If we raise additional funds through collaborations, strategic alliances, or option and license arrangements with third parties, we may have to relinquish valuable rights to our technologies, future revenue streams, research programs or product candidates or to grant licenses on terms that may not be favorable to us. If we are unable to raise additional funds through equity or debt financings when needed, we may be required to delay, limit, reduce or terminate our product development or future commercialization efforts or grant rights to develop and market product candidates that we would otherwise prefer to develop and market ourselves.

Contractual Obligations

We enter into agreements in the normal course of business with clinical research organizations, contract manufacturing organizations, and institutions to license intellectual property. These contracts are generally cancelable at any time by us, upon 30 to 90 days prior written notice.

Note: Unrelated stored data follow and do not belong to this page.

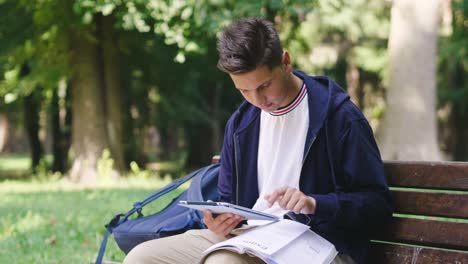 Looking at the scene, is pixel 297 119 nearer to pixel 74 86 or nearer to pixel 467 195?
pixel 467 195

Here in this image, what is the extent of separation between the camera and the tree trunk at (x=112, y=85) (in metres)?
13.6

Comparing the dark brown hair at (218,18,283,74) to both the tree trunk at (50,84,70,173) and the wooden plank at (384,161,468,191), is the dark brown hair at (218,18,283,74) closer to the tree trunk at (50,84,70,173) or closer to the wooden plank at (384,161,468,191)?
the wooden plank at (384,161,468,191)

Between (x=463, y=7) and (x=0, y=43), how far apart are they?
36.6 ft

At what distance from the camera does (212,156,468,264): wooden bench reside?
2.98 meters

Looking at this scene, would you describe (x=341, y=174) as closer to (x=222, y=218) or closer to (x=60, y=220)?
(x=222, y=218)

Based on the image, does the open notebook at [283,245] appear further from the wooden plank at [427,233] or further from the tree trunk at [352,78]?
the tree trunk at [352,78]

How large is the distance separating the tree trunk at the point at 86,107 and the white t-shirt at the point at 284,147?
414 inches

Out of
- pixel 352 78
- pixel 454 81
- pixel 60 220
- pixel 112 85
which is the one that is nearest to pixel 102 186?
pixel 112 85

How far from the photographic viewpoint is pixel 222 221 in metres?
2.95

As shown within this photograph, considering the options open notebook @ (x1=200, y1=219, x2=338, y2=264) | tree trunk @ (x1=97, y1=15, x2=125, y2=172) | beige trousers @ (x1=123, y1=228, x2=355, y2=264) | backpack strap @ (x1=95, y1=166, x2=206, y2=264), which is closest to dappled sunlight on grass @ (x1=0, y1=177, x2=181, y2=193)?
tree trunk @ (x1=97, y1=15, x2=125, y2=172)

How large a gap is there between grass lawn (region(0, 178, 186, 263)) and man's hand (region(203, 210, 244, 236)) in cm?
236

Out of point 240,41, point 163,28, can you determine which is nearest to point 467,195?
point 240,41

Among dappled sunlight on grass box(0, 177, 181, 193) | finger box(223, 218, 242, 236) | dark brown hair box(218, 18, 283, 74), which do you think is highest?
dark brown hair box(218, 18, 283, 74)

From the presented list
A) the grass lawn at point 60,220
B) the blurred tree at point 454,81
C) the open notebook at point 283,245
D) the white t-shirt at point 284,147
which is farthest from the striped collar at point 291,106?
the blurred tree at point 454,81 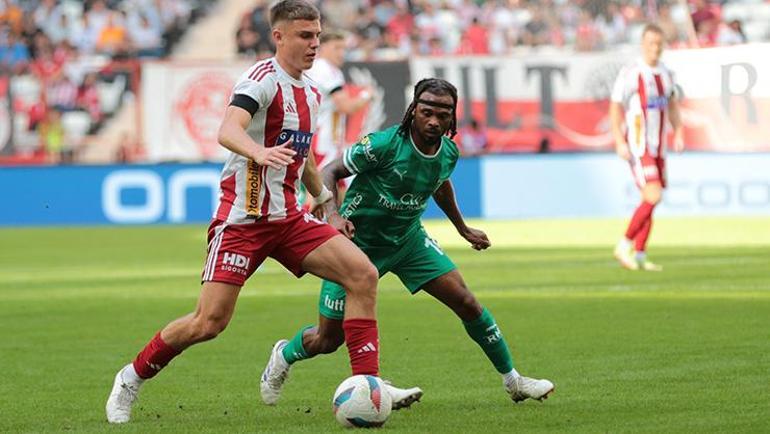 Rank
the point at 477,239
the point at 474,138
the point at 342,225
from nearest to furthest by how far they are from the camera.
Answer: the point at 342,225 → the point at 477,239 → the point at 474,138

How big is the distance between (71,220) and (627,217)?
9390 millimetres

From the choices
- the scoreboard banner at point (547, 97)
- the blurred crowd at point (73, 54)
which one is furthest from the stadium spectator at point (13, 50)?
the scoreboard banner at point (547, 97)

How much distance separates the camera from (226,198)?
7516 mm

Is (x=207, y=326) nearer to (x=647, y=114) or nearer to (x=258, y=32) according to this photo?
(x=647, y=114)

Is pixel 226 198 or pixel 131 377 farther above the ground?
pixel 226 198

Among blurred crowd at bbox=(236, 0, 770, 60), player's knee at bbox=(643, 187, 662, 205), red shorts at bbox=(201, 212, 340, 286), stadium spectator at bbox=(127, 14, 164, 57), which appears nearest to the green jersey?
red shorts at bbox=(201, 212, 340, 286)

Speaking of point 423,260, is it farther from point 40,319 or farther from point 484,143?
point 484,143

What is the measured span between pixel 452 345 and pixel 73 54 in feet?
72.0

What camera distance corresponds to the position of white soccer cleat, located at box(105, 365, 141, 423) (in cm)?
753

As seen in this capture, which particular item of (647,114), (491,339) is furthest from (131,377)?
(647,114)

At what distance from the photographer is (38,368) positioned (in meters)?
9.68

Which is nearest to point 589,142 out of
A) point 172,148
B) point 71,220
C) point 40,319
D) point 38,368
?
point 172,148

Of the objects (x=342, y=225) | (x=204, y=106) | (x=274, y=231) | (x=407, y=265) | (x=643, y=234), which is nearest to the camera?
(x=274, y=231)

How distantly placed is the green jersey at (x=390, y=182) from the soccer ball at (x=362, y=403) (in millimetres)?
1086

Our agreements to license intellectual property include potential milestone payments that are dependent upon the development of products using the intellectual property licensed under the agreements and contingent upon the achievement of clinical trial or regulatory approval milestones. We may also be required to pay annual maintenance fees or minimum amounts payable ranging from low-four digits to low five-digits depending upon the terms of the applicable agreement. In certain instances, we are also obligated to pay our licensors royalties based on sales of products, if approved, using the intellectual property licensed under the applicable agreement.

We also have non-cancelable operating lease commitments arising from our leases of office and laboratory space at our facilities in Cambridge and Lexington, Massachusetts.

Other than the termination of our lease for office and laboratory space at 75 Sidney Street, as discussed elsewhere in this Quarterly Report on Form 10-Q, there were no material changes to our contractual obligations and commitments described under Management's Discussion and Analysis of Financial Condition and Results of Operations in our Annual Report on Form 10-K for the fiscal year ended December 31, 2021, as filed with the SEC on March 8, 2022.

Off-Balance Sheet Arrangements

We did not have, during the periods presented, and we do not currently have, any off-balance sheet arrangements, as defined under applicable SEC rules.